Bu miktarın, yaklaşık 18 milyon balinanın midesini dolduracak seviyede olduğu belirtiliyor.
Oceana’nın kurumsal çevre kirliliğiyle mücadele kampanyalarını yöneten Matt Littlejohn, “Coca-Cola, açık ara dünyanın en büyük içecek üreticisi ve satıcısı. Bu yüzden okyanus kirliliği üzerindeki etkileri büyük önem taşıyor” dedi.
Coca-Cola, PepsiCo, Nestlé, Danone ve Altria, 2024 yılında Science Advances dergisinde yayımlanan bir çalışmaya göre dünyanın en büyük plastik atık üreticileri arasında yer alıyor.
Oceana, Coca-Cola’nın 2018-2023 yılları arasında kamuoyuna açıkladığı ambalaj verileri ile satış artış tahminlerini birleştirerek, şirketin plastik kullanımının 2030’a kadar yıllık 4,13 milyon tonu aşacağını öngörüyor.
Plastik atıkların su ekosistemlerine karışma oranını hesaplamak için ise 2020 yılında Science dergisinde yayımlanan hakemli bir yöntem kullanıldı.
Bu hesaplama sonucunda, Coca-Cola’nın plastik atığının her yıl yaklaşık 220 milyar adet yarım litrelik plastik şişeye denk geleceği belirlendi.

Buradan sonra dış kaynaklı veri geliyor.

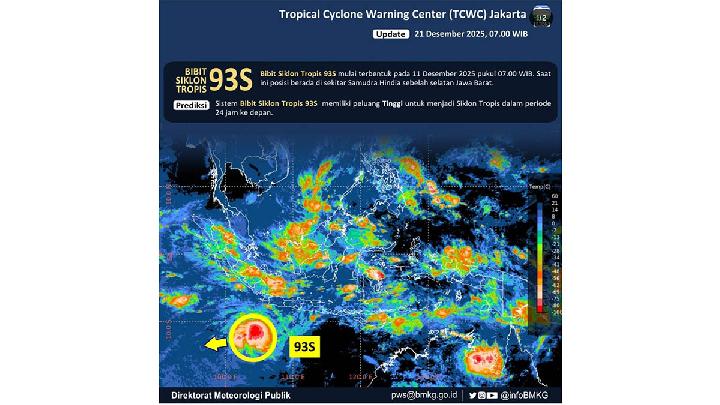 93S Tropical Cyclone Seed Forecast to Intensify into Storm off Indonesia This Evening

Oceana, plastik atığın azaltılması için en etkili yöntemin tekrar kullanılabilir ambalaj sistemlerine dönüş olduğunu belirtiyor. Dönüştürülebilir cam şişelerin 50 defa, daha kalın PET plastik şişelerin ise 25 defa yeniden kullanılabildiği vurgulanıyor.
Coca-Cola, 2022 yılında tekrar kullanılabilir ambalajların “atık azaltmada en etkili yöntemlerden biri” olduğunu kabul etmiş ve 2030 yılına kadar ambalajlarının %25’inin bu yöntemle sağlanacağını taahhüt etmişti.

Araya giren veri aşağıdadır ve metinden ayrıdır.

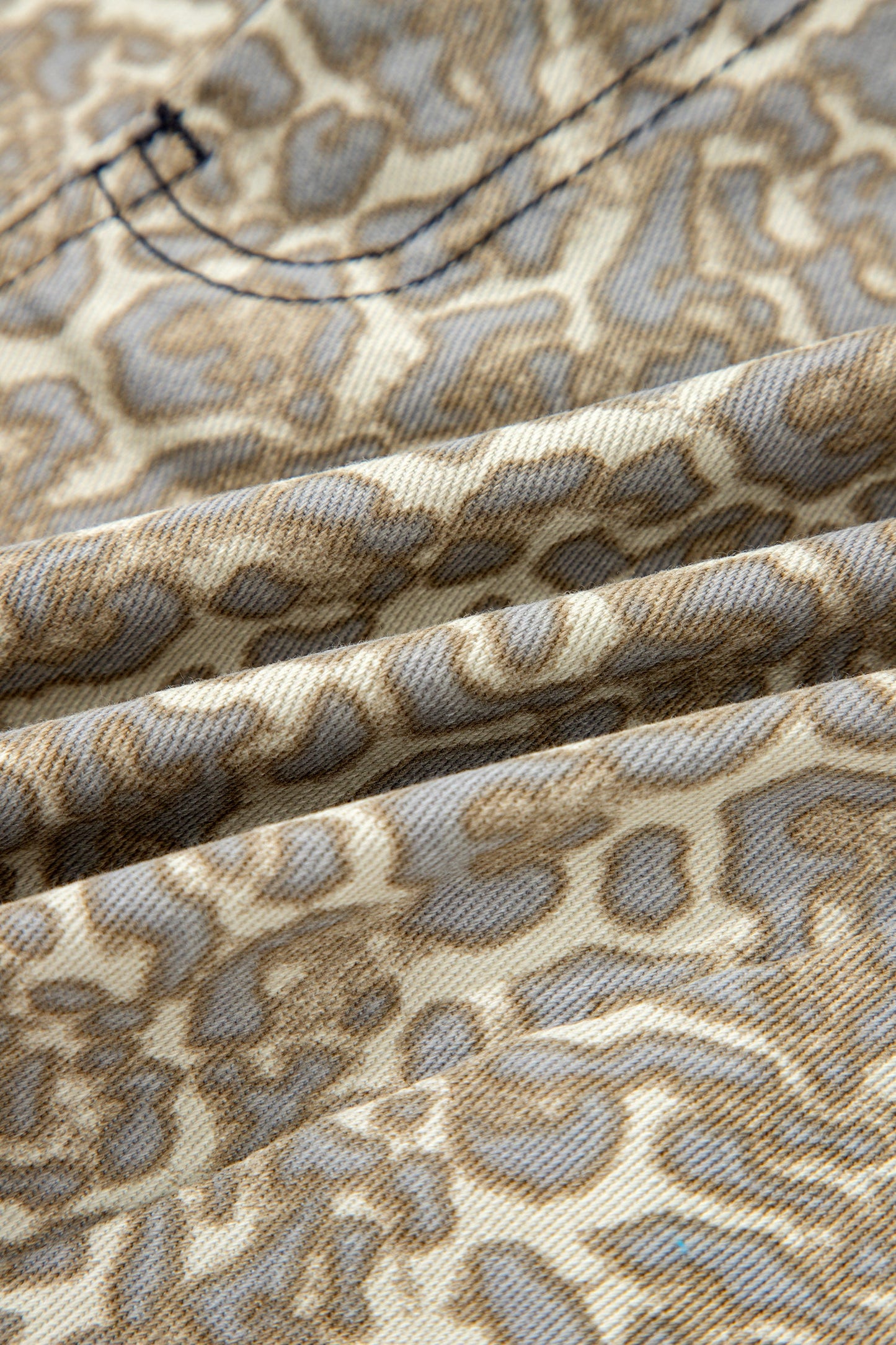Pantalones cortos de mezclilla caqui con estampado de leopardo y borde sin rematar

Ancak şirket, Aralık 2024’te yayımladığı yeni sürdürülebilirlik yol haritasında bu hedefi sessizce kaldırdı.
Şirket, güncellenen hedeflerinde geri dönüştürülmüş plastik kullanımını artırmayı ve toplama sistemlerini geliştirmeyi önceliklendirirken, gazlı içecek şişelerinin geri dönüşümünün zorluklarına ve tüketici alışkanlıklarını değiştirme konusundaki güçlüklerine dikkat çekti.

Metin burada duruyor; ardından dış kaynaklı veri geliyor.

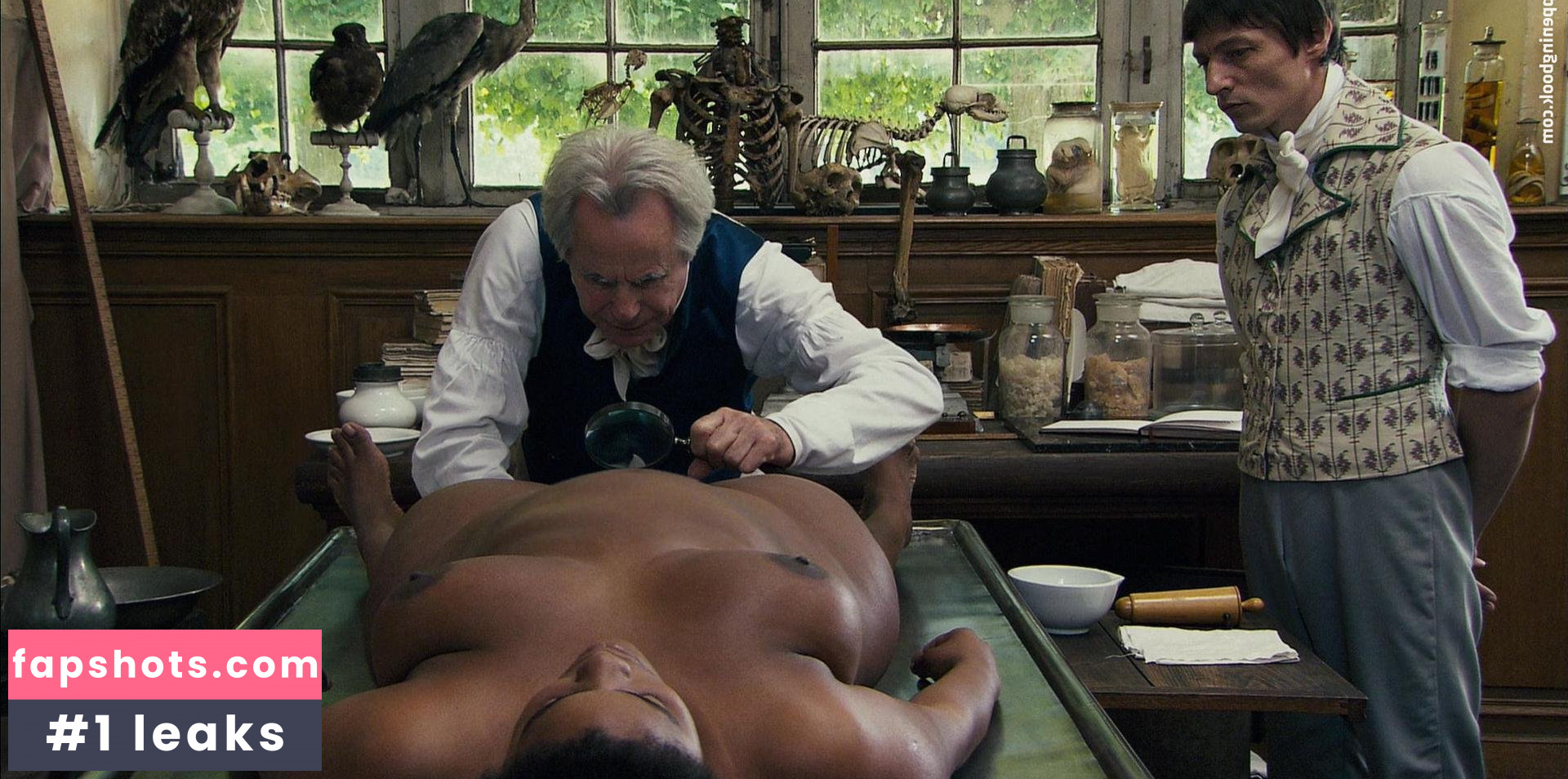 Yahima Torres gallery photo #4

Çevre savunucuları, geri dönüşümün tek başına çözüm olmadığını ve genellikle şirketlerin sorumluluğu tüketicilere yüklemek için kullanıldığını savunuyor. Littlejohn, “Geri dönüşüm harika bir şey, yanlış anlaşılmasın. Ancak eğer geri dönüştürülmüş plastiği, tek kullanımlık plastik üretmek için kullanıyorsanız, bu büyük bir sorun” dedi.
Plastik üretiminin fosil yakıtlarla bağlantılı olması, şirketlerin plastik kullanımını doğrudan iklim değişikliğine katkı sağlayan bir unsur haline getiriyor.
Ancak uzmanlar, Coca-Cola’nın yeniden kullanılabilir ambalaj sistemlerini genişletme kapasitesine sahip olduğunu belirtiyor. Şirket, Brezilya, Almanya, Nijerya ve ABD’nin güneyindeki bazı bölgeler de dahil olmak üzere pek çok ülkede büyük ölçekli yeniden dolum sistemleri işletiyor.
Littlejohn, “Coca-Cola, sektördeki en büyük yeniden kullanılabilir ambalaj altyapısına sahip. Bunu genişleterek diğer içecek şirketlerine de örnek olabilir” ifadelerini kullandı.
Coca-Cola ise AFP’ye yaptığı açıklamada, geri dönüştürülmüş malzeme kullanımını artırmak ve toplama sistemlerini geliştirmek üzerine çalıştıklarını belirterek, “Yeniden kullanılabilir ambalaj seçeneklerini genişletmeye yatırım yapmaya devam ediyoruz ve bu çalışmalarımız tüketici odaklı stratejimizin bir parçası olarak sürecek” dedi.